このようなことを考えると、今後日本の労働市場は、思い切り二極化していくのかもしれない。大企業、一流企業は、社数で言えば日本のほんの少しだ。世の中の大半は中小企業であり、いくら大企業の働き方が変わったり、国がフリーランスを振興していても、中小企業が変わらない限り、労働産業に大きな変化はない。しかしながら、今の若い人たちは、組織に属せず自由に働くことに何の抵抗感もない。
とすると、当然フルコミットを欲する中小企業と今の若者たちとの間に大きな壁が生まれる。時代の流れとしては致し方ないかもしれないが、世の中としては、労働生産性はあまり向上しないだろう。
ちなみに、では、フリーランス、自由業として生きていくことは本当に可能だろうか?エンジニアであれ、サービス企画であれ、彼らは本当に生計を立て続けることができるだろうか?
労働供給曲線と呼ばれるものがある。概念はとても簡単だ。ある時期まで労働時間が増えれば増えるほど、賃金は上昇する。しかしある時期を超えると、そこまで労働時間を使わなくても、賃金が増える、という曲線だ。
わかりやすくいえば、出世などがそうかもしれない。新人の頃はひたすら時間を使って結果を出していたのが、取締役などになると、部下の管理を短い時間で行う自分の給料は向上させることができる。経済学でも基礎的なグラフである。

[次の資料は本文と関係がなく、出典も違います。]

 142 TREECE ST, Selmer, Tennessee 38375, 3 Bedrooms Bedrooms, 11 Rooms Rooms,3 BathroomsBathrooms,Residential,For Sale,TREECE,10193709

しかし、この労働供給曲線が近年、若干変わりつつある。それはITでの業務の効率化や個人のポテンシャルによって報酬が大きく連動することが一般化しつつあるということだ。具体的に言えば、そこまで「働かなく」なくても「賃金」は上昇する社会になりつつある。
しかし、それをそのまま鵜呑みにしてフリーランス 、自由業になったら、かなり痛い目を見るだろう。当然、それなりの独自のスキル、得意技を磨かないとなかなか市場では生き残れない。

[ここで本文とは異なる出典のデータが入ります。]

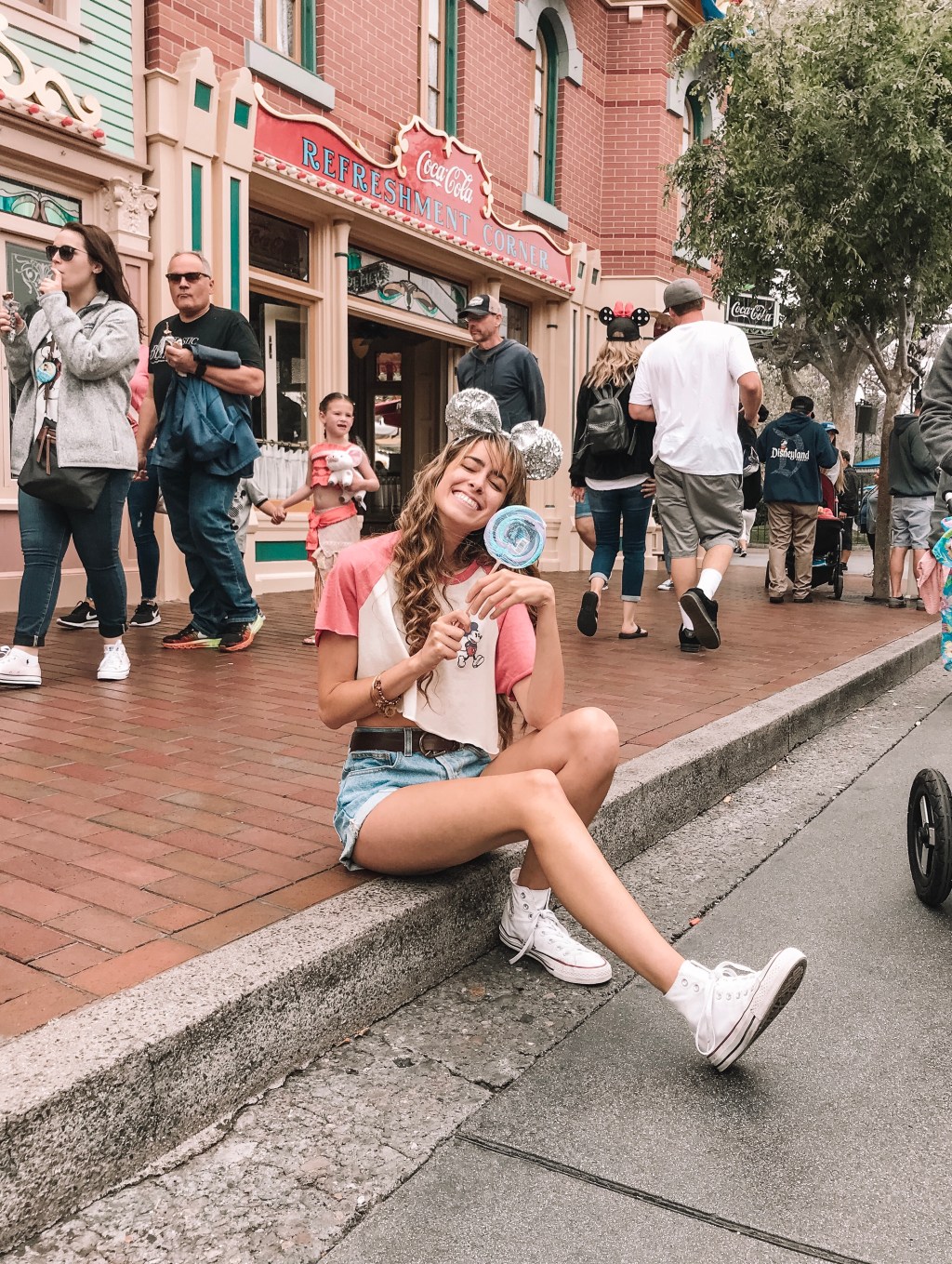 ultimate guide to: disneyland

ただ、忘れてはならないのが、そのスキル習得、得意技取得が「労働」ではないということだ。
ブログの継続かもしれないし、YouTubeの尖った配信かもしれないし、エンジニア技術かもしれないし、圧倒的なアイデア力と行動力かもしれない。いずれにしても何かしらのスキル習得時間を積んでいかないと報酬は上昇しない。
そうすると、上記の図のx軸がスキル習得時間、y軸が報酬となり、上記のような曲線になるだろう。
私も独立しているが、はっきり言って、勤め人の頃の1000倍、気が楽だ。いろいろな課題はあるにしても、それでもわけのわからない組織論理に振り回されたり、理不尽な上司などに使われるよりは、精神衛生上良い。しかしやはりその自由を勝ち取るためには、それなりのスキルも必要だし、今後もスキルの習得をし続けなければいけないだろう。
自由を勝ち取るために、修行あるのみなのだ。